Sender: linux-fsdevel-owner@vger.kernel.org
Precedence: bulk
List-ID: <linux-fsdevel.vger.kernel.org>
X-Mailing-List: linux-fsdevel@vger.kernel.org

On Fri, Sep 6, 2019 at 3:09 AM David Howells <dhowells@redhat.com> wrote:
>
> Linus Torvalds <torvalds@linux-foundation.org> wrote:
>
> > But it's *literally* just finding the places that work with
> > pipe->curbuf/nrbufs and making them use atomic updates.
>
> No.  It really isn't.  That's two variables that describe the occupied section
> of the buffer.  Unless you have something like a 68020 with CAS2, or put them
> next to each other so you can use CMPXCHG8, you can't do that.
>
> They need converting to head/tail pointers first.

You misunderstand - because I phrased it badly. I meant "atomic" in
the traditional kernel sense, as in "usable in not thread context" (eg
GFP_ATOMIC etc).

I'd start out just using a spinlock.

I do agree that we could try to be fancy and do it entirely locklessly
too, and I mentioned that in another part:

 "[..] it should not
  be all that hard to just make the whole "curbuf/nrbufs" handling use
  its own locking (maybe even some lockless atomics and cmpxchg)"

but I also very much agree that it's much more complex.

The main complexity of a lockless thing is actually almost certainly
not in curbuf/nrbufs, because those could easily be packed as two
16-bit values in a 32-bit entity and then regular cmpxchg works fine.
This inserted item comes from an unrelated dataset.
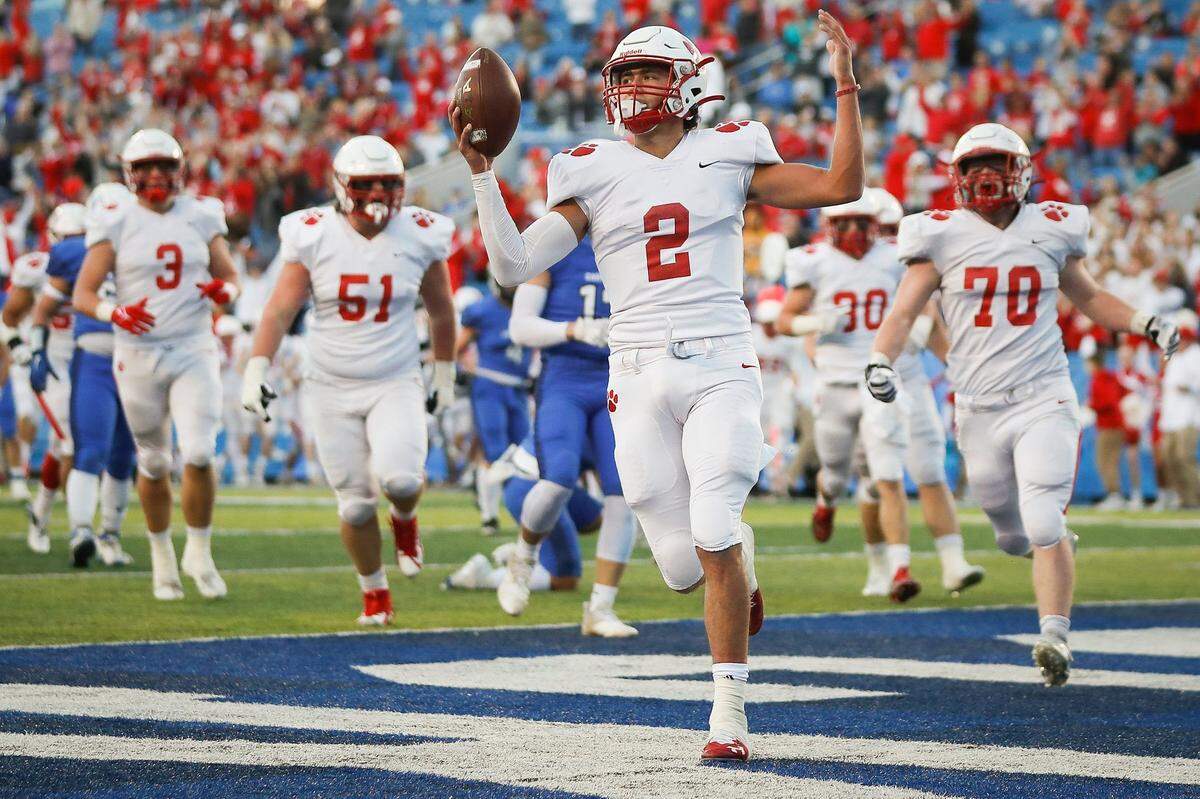 Beechwood’s Cameron Hergott (2) scores a touchdown against Lexington Christian during the Class 2A state finals at Kroger Field on Dec. 3. Beechwood won 23-21.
No, the complexity in the lockless model is that then you have to be
very careful with the "buf[]" array update too.  Maybe that's trivial
(just make sure that they are NULL when not used), but it just looks
less than wonderfully easy.

So a lockless update I'm sure is _doable_ with some cleverness, but is
probably not really worth it.

That's particularly true since we already *have* a spinlock that we
would take anyway: the we could strive to use the waitqueue spinlock
in pipe->wait, and not even really add any new locking. That would
require a bit of cleverness too and re-ordering things more, but we do
that in other places (eg completions, but the fs_pin code does it too,
and a few other cases.

Look for "wake_up_locked()" and friends, which is a sure-fire sign
that somebody is playing games and taking the wait-queue lock manually
for their own nefarious reasons.

> > They really would work with almost anything. You could even mix-and-match
> > "data generated by kernel" and "data done by 'write()' or 'splice()' by a
> > user process".
>
> Imagine that userspace writes a large message and takes the mutex.  At the
> same time something in softirq context decides *it* wants to write a message -
> it can't take the mutex and it can't wait, so the userspace write would have
> to cause the kernel message to be dropped.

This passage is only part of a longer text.